Ahora bien, la relación entre la libertad sexual entendida como ausencia de normas y la violencia contra las mujeres no es difícil de intuir. Aunque la mayoría de hombres y mujeres comparten cualidades psicológicas muy similares, es un hecho estadístico conocido que entre los primeros hay una mayor variabilidad, es decir, mayor número de casos que se apartan de la media, para bien y para mal. Simplificando, hay más premios Nobel de Física varones que mujeres, pero también más delincuentes hombres que mujeres. Generalmente, las (y los) feministas explican lo primero como un ejemplo de una turbia discriminación sexista en las facultades de Física, mientras eluden significativamente considerar lo segundo. Tontas no son: la paridad en las cárceles no se encuentra entre sus reivindicaciones.
De lo dicho se deduce que las mujeres que coleccionan muchas parejas sexuales corren más riesgo, en comparación con los hombres de comportamiento similar, de cruzarse con un canalla seductor que las maltrate y que, en el peor de los casos, las asesine cuando ellas quieren poner fin a la relación. No es que los hombres muestren por término medio más tendencias criminales que las mujeres, ni que estén más dotados para la física y las matemáticas. Es que entre el sexo masculino se dan más desviaciones hacia los extremos. Por eso mueren más mujeres a manos de hombres que no al revés, aunque bien es verdad que los medios exageran la asimetría contabilizando sólo las víctimas femeninas. Y aunque los datos podrían dar un vuelco -quién sabe- si considerásemos los infanticidios y sobre todo el genocidio silencioso de los abortos provocados, casi siempre con la colaboración de las madres.
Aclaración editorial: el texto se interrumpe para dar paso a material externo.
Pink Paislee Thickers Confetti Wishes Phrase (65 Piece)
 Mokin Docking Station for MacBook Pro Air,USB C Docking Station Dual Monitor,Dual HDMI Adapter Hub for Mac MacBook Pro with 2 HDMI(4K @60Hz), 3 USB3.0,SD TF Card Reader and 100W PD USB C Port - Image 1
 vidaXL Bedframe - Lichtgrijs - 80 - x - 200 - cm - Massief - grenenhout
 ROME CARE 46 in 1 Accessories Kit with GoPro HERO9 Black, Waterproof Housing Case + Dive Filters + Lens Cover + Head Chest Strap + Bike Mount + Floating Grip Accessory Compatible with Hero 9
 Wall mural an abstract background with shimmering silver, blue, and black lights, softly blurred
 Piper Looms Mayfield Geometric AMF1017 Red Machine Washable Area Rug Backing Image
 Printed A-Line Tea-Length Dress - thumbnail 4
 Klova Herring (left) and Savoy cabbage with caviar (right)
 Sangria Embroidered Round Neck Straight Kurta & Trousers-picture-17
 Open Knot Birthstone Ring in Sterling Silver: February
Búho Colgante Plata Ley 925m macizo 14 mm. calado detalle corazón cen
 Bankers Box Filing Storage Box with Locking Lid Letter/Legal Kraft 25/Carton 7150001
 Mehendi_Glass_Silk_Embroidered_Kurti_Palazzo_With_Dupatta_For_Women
Sin embargo, cuando alguien propone rescatar valores como la castidad, el pudor y la mera prudencia, automáticamente se le acusa de estar criminalizando a la mujer por ejercer su libertad sexual. El procedimiento habitual, burdo pero efectivo, es generar el máximo ruido. Aunque lo llamen “polémica”, los medios suelen cuidarse de que sólo se escuchen con claridad las consignas emocionales de una de las posiciones, y por tanto sea imposible colocar un argumento que requiera un mínimo esfuerzo intelectual. El resultado es que quien trata de abordar determinadas cuestiones utilizando el sentido común y algunos datos objetivos, se expone a temibles consecuencias sociales, a menos que se inculpe y se retracte; y aún eso no le garantiza ninguna rehabilitación.
El dogma de la libertad sexual por encima de todo tiene como lógico desenlace una obsesión patológica por desligar la feminidad de la maternidad, hasta el extremo de considerarla como una imposición social, una construcción cultural que pretende reducir a las mujeres a su función reproductiva y bla, bla, bla. “Imposición” que se combate cebándose despiadadamente en los bebés nonatos, víctimas inocentes e indefensas del abyecto “derecho” al aborto.
Recientemente, un equipo de científicos de varios centros de investigación españoles, junto con la universidad holandesa de Leiden, ha publicado un interesante estudio[1], basado principalmente en escáneres cerebrales realizados en decenas de mujeres y hombres a lo largo de varios años, antes y después de ser padres. Los datos de dicho estudio suministran la primera evidencia de que el embarazo produce cambios de larga duración en el cerebro femenino, que implican probablemente habilidades relacionadas con el cuidado de los hijos. Al mismo tiempo, no se han observado modificaciones cerebrales en hombres que han sido padres, lo que descarta que se trate de un fenómeno inducido culturalmente, ajeno al sexo biológico.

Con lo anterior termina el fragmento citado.